Однако их дружбе приходил конец. Автор биографии Уитмена Филипп Кэллоу пишет: "Гарри никогда не мог понять, кем же все-таки хотел быть для него Уитмен: отцом или матерью, верным другом, или, возможно, женихом, жаждущим его руки и сердца. На самом деле Уитмен был во всех этих качествах и даже более, возродив своим примером утерянные христианские традиции социальных связей; при этом он всячески уходил от прямых ответов на вопросы; закрытый, казалось бы, навсегда ото всех, но и в любой момент рискующий открыться полностью". Во время разлуки с Уитменом Гарри писал ему: "Когда я поднимаюсь наверх в свою комнату, я всегда расстраиваюсь, так как первое, что находят мои глаза, - это твой портрет. Впрочем, такой же портрет есть и внизу и вообще: где бы я ни был, что бы ни делал, повсюду у меня перед глазами стоит твое лицо и ты смотришь на меня".
Уитмен, всегда избегавший навязчивой неразлучности, вежливо и тактично прекратил отношения с Гарри.
В 1879 году его здоровье улучшилось настолько, что он мог совершить путешествие на американский Запад. В 1884 году финансовый успех вышедшего в Филадельфии издания "Листья травы" позволил поэту купить собственный дом в Кэмдене. Через четыре года с ним случился повторный удар, но Уитмен продолжал совершенствовать "Листья травы". Как он сам говорил, "у этой работы не может быть конца". Он умер 26 марта 1892 года в Кэмдене. Являясь одним из величайших американских поэтов, Уитмен своим открытым поэтическим исследованием гомоэротических желаний оказал неизгладимое влияние на таких живших с ним в одно время писателей - пионеров гей-литературы, как Эдвард Карпентер [9] и Дж. А. Саймондс [10] (который написал исследование о творчестве Уитмена спустя год после его смерти). Карпентер в 1877 году встречался с Уитменом, а Саймондс переписывался с ним, однако, когда Саймондс в одном из своих писем прямо спросил Уитмена о гомосексуальных фантазиях в "Галамусе", тот, похоже неискренне, ответил ему, что такие вопросы "вызывают у него недоумение", и отрицал возможность присутствия в своих поэмах того, что он называл "неадекватными толкованиями".
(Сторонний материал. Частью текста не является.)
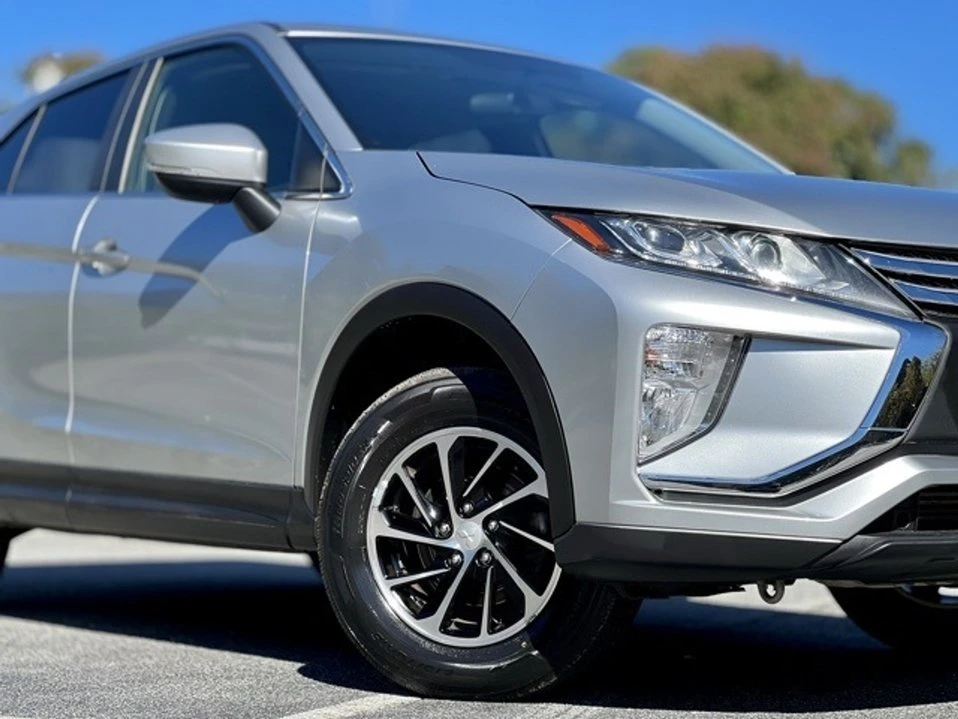 2020 Mitsubishi Eclipse Cross - Image 4 of 20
Не стоит гадать о том, что на самом деле думал о поэмах цикла "Галамус" Уитмен - так или иначе в конце XIX - начале XX века они однозначно воспринимались как страстные гимны крепнущему самосознанию геев. В 1922 году Карпентер мог откровенно заявить: "В случае Уитмена, если рассматривать его теснейшие отношения с некоторыми друзьями мужского пола, мы видим уже присутствие нового, органично возникшего вдохновения и новую жизненную силу. Эта сила буквально излучается во всех направлениях его поэмами. Тысячи людей после их прочтения начали для себя отсчет новой эры их жизней... Мы не можем сейчас предсказать того, насколько далеко может пойти этот процесс, но то, что это является одним из факторов будущей эволюции, вряд ли подлежит сомнению. Я имею в виду то, что любовь между мужчинами - а также любовь междуженщинами - может стать фактором будущей человеческой эволюции: таким же необходимым и общепринятым, как обычная любовь, которая обеспечивает... выживание человечества".
Уитмен был заметнейшей и влиятельнейшей фигурой на заре движения гомосексуалов за свои права. Его поэмы пробудили дремавшую во многих гомосексуальную чувственность. В этом смысле он был первым современным писателем для геев, имеется в виду, что его произведения воспринимаются гомосексуалами как специально адресованные им, что сам процесс их чтения создает у них чувство общности. Уитмен создал язык гомосексуального желания, он дал голос любви, которая не смела назвать своего имени, хотя сам он так и не решился открыто его назвать. То, что его влияние сильно и по сей день, можно оценить по той дани уважения, которую отдают ему такие знаменитые поэты XX века, как Харт Грэйн, Федерико Гарсия Лорка и Аллен Гинсберг, написавший трепетную поэму-меланхолию "Уолт Уитмен в супермаркете" - она наиболее часто встречается в антологиях современной американской поэзии.